With Clips, every time something important happens, the camera switches on automatically. It records for however long time the scene takes place, and then, switches off just at the right time to capture the entire moment. So how would it know how to do that? Well, firstly, let’s break it down to the basic tech elements and see how the software works.
According to product lead, Juston Payne, ‘Clips’s AI is built on convolutional neural network (CNN) and semantic analysis. These tech terms describe a system that works similarly to the human brain and the way we learn to make sense of things. It is also what helps us making a decision about what to film and what not to film in our daily lives.
The biggest sensory part of the brain, right under your forehead is called cerebral cortex in posh language. This is the part that makes sure that you feel, smell and see things as they happen. It’s also responsible to notify the rest of the brain when and how to respond to a situation.
It is common sense to organise this complicated system in a simple way. Instead of notifying everyone at all times, you target specific bits of the whole chain. So it triggers the neurons in a specific area – i.e. when someone touches your hand, only neurons in your hand are affected, and all action the brain takes from then on will be affecting the hand only.
Convolutional neural network system allows the camera to “filter out” important info from things that can be ignored. Basically, only when an object hits particular part of the camera does it start working analysing and acting from that point on. When Clips sees movement or light, it kicks off in the same way as your brain does when we see movement and lights – basically saying “pay attention, something important might be happening” Machines have been able to do that for a very long time but it’s only recently that it has become possible to do it in a small device like Clips.
So, after it has understood that there is something worth seeing, we need context to establish whether or not it’s important. For this, clips’ AI uses semantic analysis – a much less technical term that tells the camera to analyse the situation based on our previous knowledge.
Of course, to do that, we need to make sure that there is some basic understanding of what the world around us holds. The same way as humans do, machines get this by picking up as much information as possible, and store it in our brains. We know that a table is a table and a vase is a vase. When the cat jumps on top of that table to knock down the vase, we know that this is a situation that is worth remembering (or not). At the very least, we know that it’s (hopefully) unusual.
The unique feature of Clips is that it knows when to record.
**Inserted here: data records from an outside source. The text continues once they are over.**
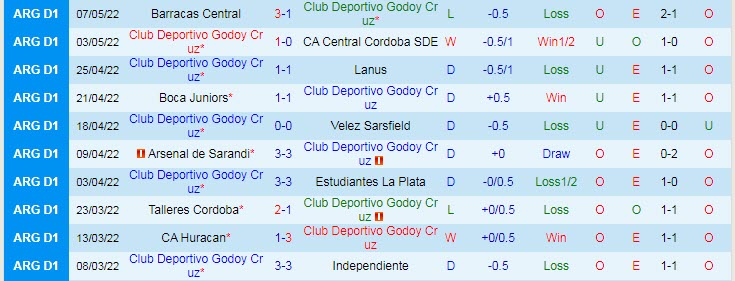 Nhận định soi kèo Godoy Cruz vs Tristan Suarez, 6h10 ngày 14/5 - Ảnh 1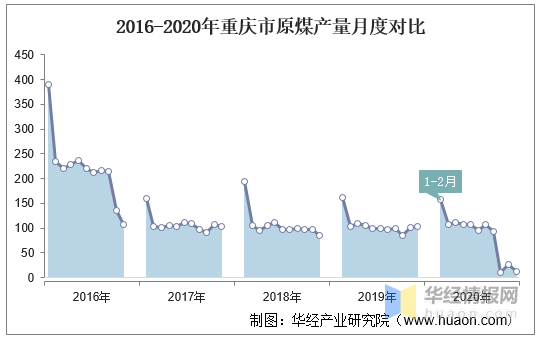 2020重庆gdp比合川低呢_重庆哪个区最富 哪个区最穷 2020年GDP排名,第一名是...(2)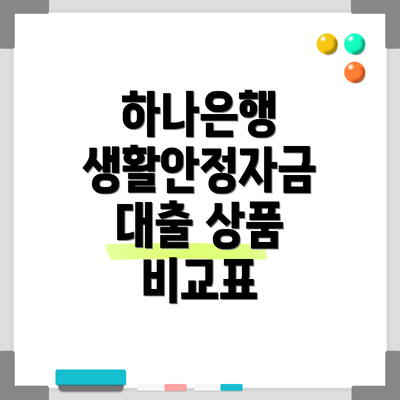 하나은행 생활안정자금 대출 상품 비교표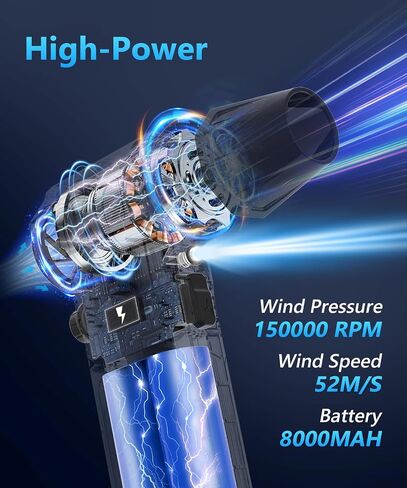 Compressed Air Duster-150000RPM Electric Air Duster with LED Light, Keyboard and PC Clean, Rechargeable Cordless High-Speed Air Blower, Replace Compressed Air Cans,Jet Dry Blower for Outdoors,Car,Home in Saudi Arabia
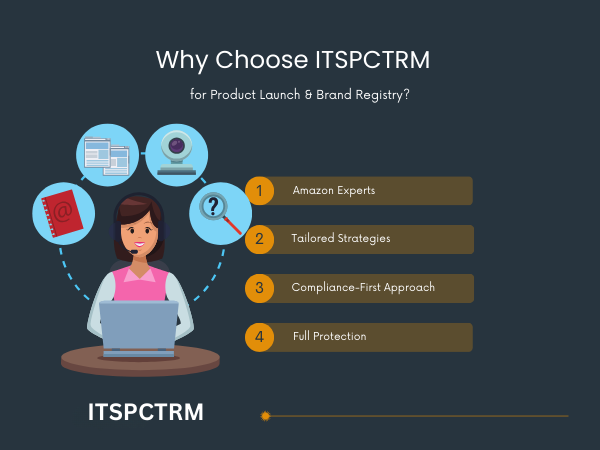 why choose itspctrm for amazon launch and brand registry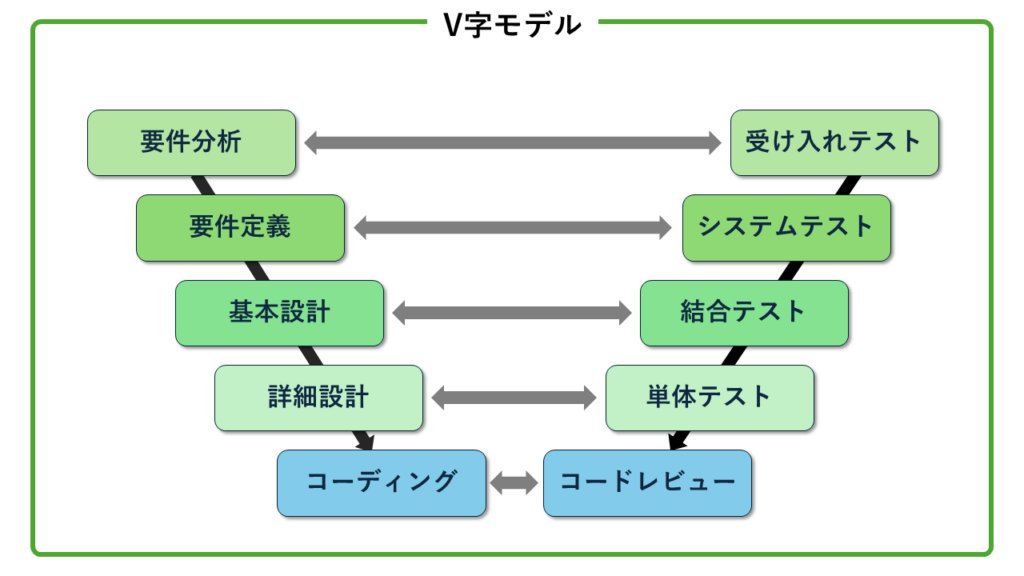 V字モデルの図解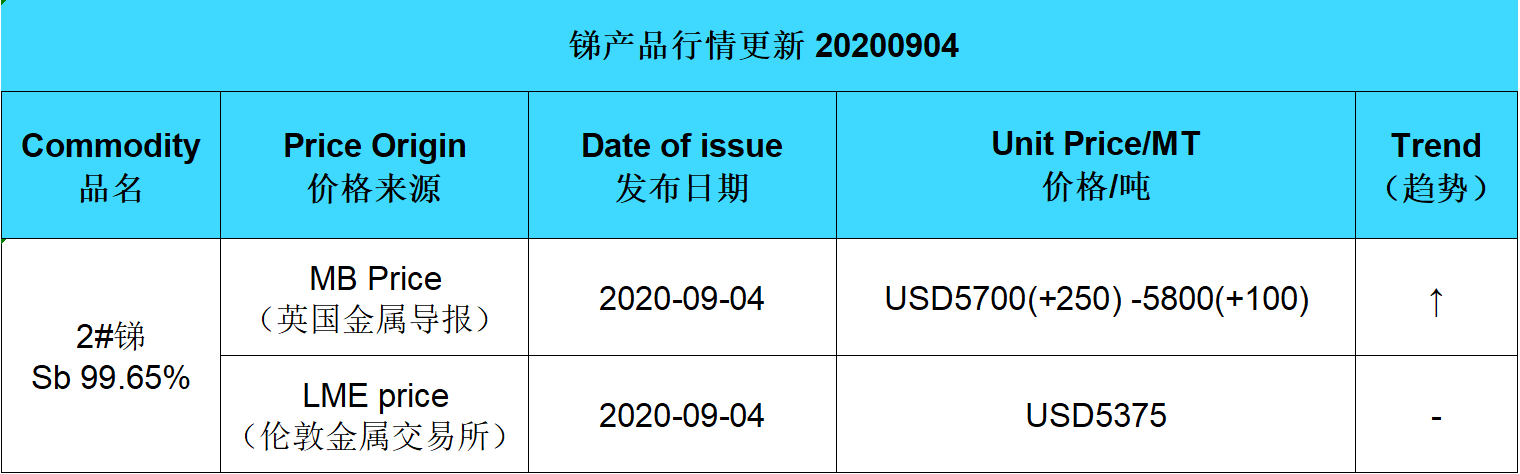 Update price of antimony (20200907)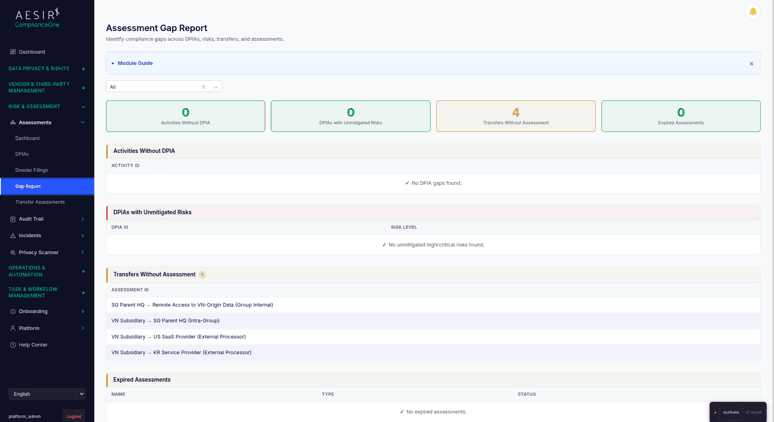 Gap Dashboard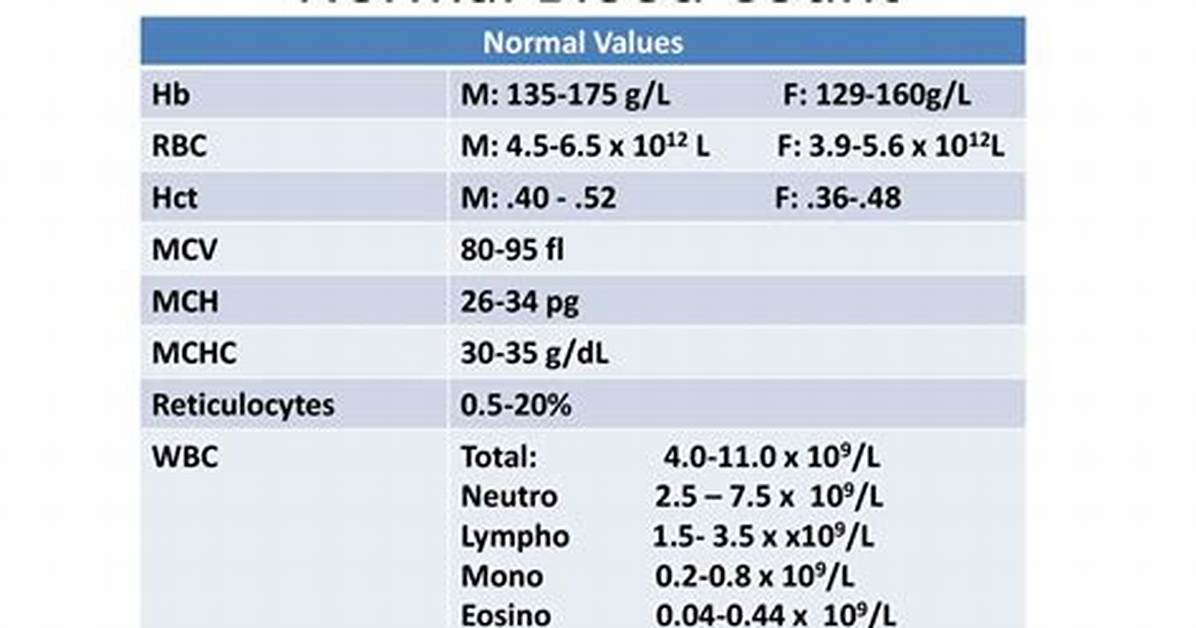 Decoding Your Agap Blood Test Results Normal Reference Ranges And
Much like a human, machines need a lot of knowledge to do this kind of analysis and this knowledge takes up a lot of processing power. This is based on previous experience and assumption, which is something we learn through feedback about different life situations.
Passing on human perception to machines is, in technical terms, called “training the model”. This, literally, is what it says on the tin. Normally, you give the computer a specific type of data (it could be a comedy script for example) and train it to be funny. In this case, Google hired tons of video editors and “picture monitors” (I would love to see a job description for that). These teams spend their days giving feedback about what looks good and make it as interactive as when one of us pick up a camera to capture the best moments of our cats and babies.